В завершение двухлетнего цикла "Камерные вечера в Большом театре" на сцене Бетховенского зала выступил именитый венгр Деже Ранки. Программу из произведений Белы Бартока, Клода Дебюсси и Ференца Листа публика приняла на ура. Но ЕЛЕНЕ Ъ-ЧЕРЕМНЫХ показалось, что пианист остался недоволен.
Деже Ранки — эксклюзивный музыкант фирмы Hungaroton. Наряду с сонатами Гайдна и Моцарта им записано много музыки Белы Бартока. Если кому-то приспичит обзавестись бартоковским "Микрокосмосом" или циклом "Для детей", а также фортепианным Квинтетом Бартока или его Сонатой — руку на отсечение, первым, что найдется, будет тот или иной диск Деже Ранки, еще до Hungaroton писавшего главного венгерского классика ХХ века на фирме Teldec. Причина, видимо, в способности Деже Ранки играть Бартока настолько же виртуозно, насколько нетипично разумно и повествовательно подробно.
Судя по исполнению пяти пьес из "Микрокосмоса", Деже Ранки может изумительно опредметить огромный мир дробных бартоковских интонаций, доводя его до подобия некоей гравитационной системы. Ни одного штриха, ни одной краски и даже темпа, который не работал бы на правах осмысленной детали огромного целого, не крутился бы наподобие больших и малых планет звуковой вселенной, подчиненных единому закону космической органики.
"Детский уголок" Дебюсси тоже оказался не таким, как ждали. Яркая, даже резкая, динамика уподобила Дебюсси срывающейся — совсем не как у взрослых, а по-честному, взахлеб,— детской речи. Само собой, Деже Ранки занимала вовсе не полемика с нормами импрессионистской культуры (в которой привыкли различать "акварельный звук", "мерцающие смыслы"), а адекватность изначальному музыкальному сюжету, с годами превратившемуся в мятые обрывки листов из ненужной детской книжки. То, что удалось сделать пианисту, сродни труду источниковеда — все пьесы "Детского уголка" восстановили не только последовательность своего поведения в цикле, но и соответствующий тон изложения: замедленный, а не виртуозно концертный; по-детски восторженный и внимательный к каждой детали, вплоть до размашисто смачного "выстрела" в басу финальной пьесы "Кукольный кэкуок".

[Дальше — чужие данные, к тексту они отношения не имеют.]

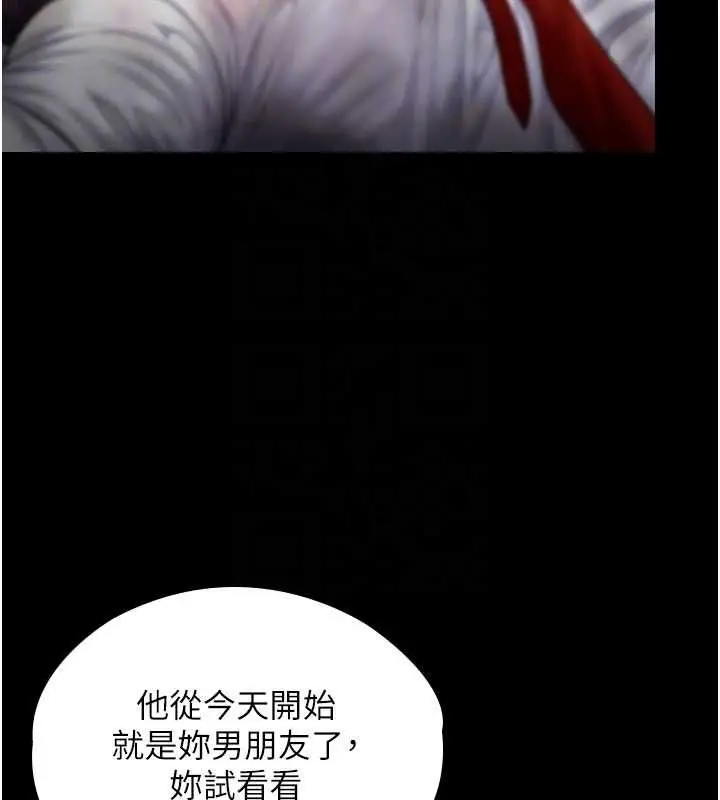 漫画《守护你》第41话第116张图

Таким образом, возникал сюжет: от значения короткой, но информативно вместительной бартоковской фразы Деже Ранки вел нас к забытому значению "детской" темы Дебюсси, чтобы затем по новой скрестить и то и другое в Сонате Белы Бартока с ее необузданной экспрессией фортепианного "варварства", доведенного музыкантом до критической температуры. А под конец — Соната Листа си-минор, критичность которой определяется наличием фаустианской темы в союзе с шикарно монументализированной формой. Так вот, с Листом ничего у Деже Ранки не вышло: громкость зашкаливала, паузы превращались в страшные черные дыры, а арпеджио летали птеродактилями над безжизненной поверхностью пустого эффекта.
Подвели не только постоянно скрипевшие деревянные кресла, но и плохой, стучащий рояль (странно, но Большой театр до сих пор не обзавелся приличным инструментом) и беспощадная акустика Бетховенского зала, увеличивающая каждый звук, словно в лупу. Все это поставит в тупик любого музыканта — что говорить о Деже Ранки, играющего на самых требовательных сценах Европы, но в Москве не увидевшего ни одной приличествующей его рангу афиши, зато получившего в распоряжение, наверное, самый ужасный в его жизни инструмент.